Não há problema, a ideia foi transmitida na mesma, nos primeiros posts.

Cumprimentos,

Ricardo Cordeiro  :Smile: 

----------

## source

Boas,

Se um Guru tem posts suficientes para saber como se comportar, ou mesmo se o darktux não pode chamar fofa ao ^PT_LAmb^ que é logo considerado "bashing", que raio de expressões são estas então? "e vez que alguem te da na tromba, sem ser eu ou o Bloody."

Mais uma coisa, no tópico de mais dinamica. "Desde que não sejam como o do moderador favorito....." Isto não é "bashing"?
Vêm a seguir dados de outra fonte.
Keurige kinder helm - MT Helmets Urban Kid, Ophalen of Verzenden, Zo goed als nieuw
Dualismo de critérios é que não!

Muito sinceramente, acho que estam a levar isto longe de mais, e muito a peito. Acalmem-se e façam deste forum um local agradável.
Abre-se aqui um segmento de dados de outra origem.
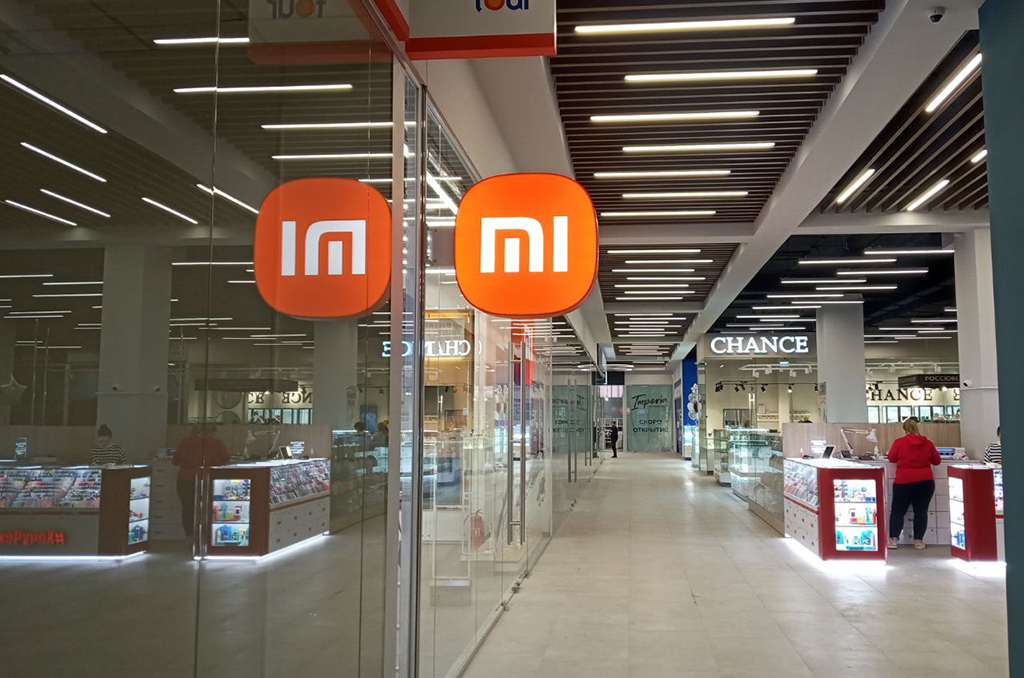 Панель-кронштейн для магазина электроники "Xiaomi" 3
(Isto não é nenhuma forma de insulto ao HumpBack ou a qualquer outro individuo. Não me interpretem mal.)

----------

## pilla

Oi source,

 *source wrote:*   

> Boas,
> 
> Se um Guru tem posts suficientes para saber como se comportar, ou mesmo se o darktux não pode chamar fofa ao ^PT_LAmb^ que é logo considerado "bashing", que raio de expressões são estas então? "e vez que alguem te da na tromba, sem ser eu ou o Bloody."
> 
> 

 

Boa pergunta, mas eu não sei o que significa. Faço uma boa idéia, no entanto.

 *source wrote:*   

> 
> 
> Mais uma coisa, no tópico de mais dinamica. "Desde que não sejam como o do moderador favorito....." Isto não é "bashing"?
> 
> 

 

Acho que ele quis dizer que não adianta nós enchermos o fórum de threads sem maior sentido só pra atingir o mesmo número de posts dos hermanos. 

 *source wrote:*   

> 
> 
> Dualismo de critérios é que não!
> 
> Muito sinceramente, acho que estam a levar isto longe de mais, e muito a peito. Acalmem-se e façam deste forum um local agradável.
> ...

 

Bom, nós estávamos tentando acalmar os ânimos, mas acho que tua mensagem não vai exatamente nessa direção. As vezes a gente perde a paciência, mas acho que a gente tem que parar com a cinzânia e buscar os pontos em comum, não as diferenças.

 *source wrote:*   

> 
> 
> (Isto não é nenhuma forma de insulto ao HumpBack ou a qualquer outro individuo. Não me interpretem mal.)

 

A história é um pouco mais antiga.  Pegar um fato pontual (ou facto, como vocês de Portugal falam) não é suficiente para entender toda a dinâmica do problema.  

Se a thread ficar quente de novo, eu vou trancá-la definitivamente. A gente não está indo a lugar algum assim.

----------

## source

Boas,

Mas a que lugar é que nós queremos ir?

Em 1º lugar: Acho que os moderadores erraram.

Em 2º lugar: Isto nem devia ser discutido, considero isto tudo uma parvoice do principio ao fim.

Em 3º e ultimo lugar: Não vou comentar mais nada sobre este assunto. Façam como entenderem, o moderadores são vocês, e como um dos moderadores já disse, "Isto não é nenhuma democracia" (algo que se pareça.)

Sem mais.

----------

## pilla

Eu também não vou mais comentar.

----------